_STUDY MATERIAL_
* * *
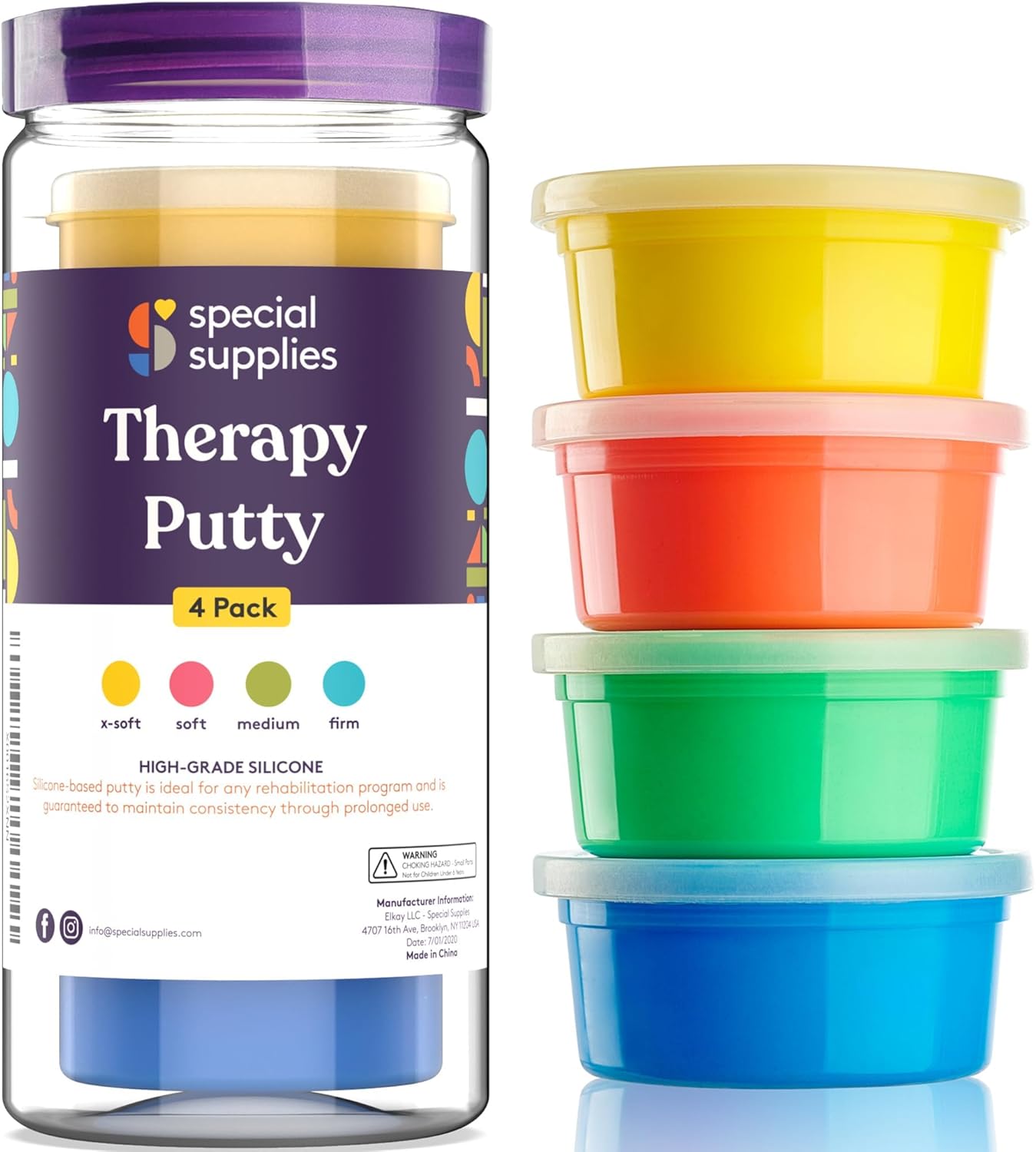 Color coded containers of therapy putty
* * *
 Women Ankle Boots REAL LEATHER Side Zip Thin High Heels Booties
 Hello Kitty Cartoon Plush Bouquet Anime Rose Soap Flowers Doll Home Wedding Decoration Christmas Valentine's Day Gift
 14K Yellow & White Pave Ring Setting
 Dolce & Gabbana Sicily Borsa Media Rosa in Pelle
* * *
_WHAT YOU ARE ASKED TO DO_
Both the line containing "Hello Kitty Cartoon" and the line containing "Dolce & Gabbana" belong in the answer. Print them and every line above that falls between them exactly, and no others.

_RESPONSE_
 Hello Kitty Cartoon Plush Bouquet Anime Rose Soap Flowers Doll Home Wedding Decoration Christmas Valentine's Day Gift
 14K Yellow & White Pave Ring Setting
 Dolce & Gabbana Sicily Borsa Media Rosa in Pelle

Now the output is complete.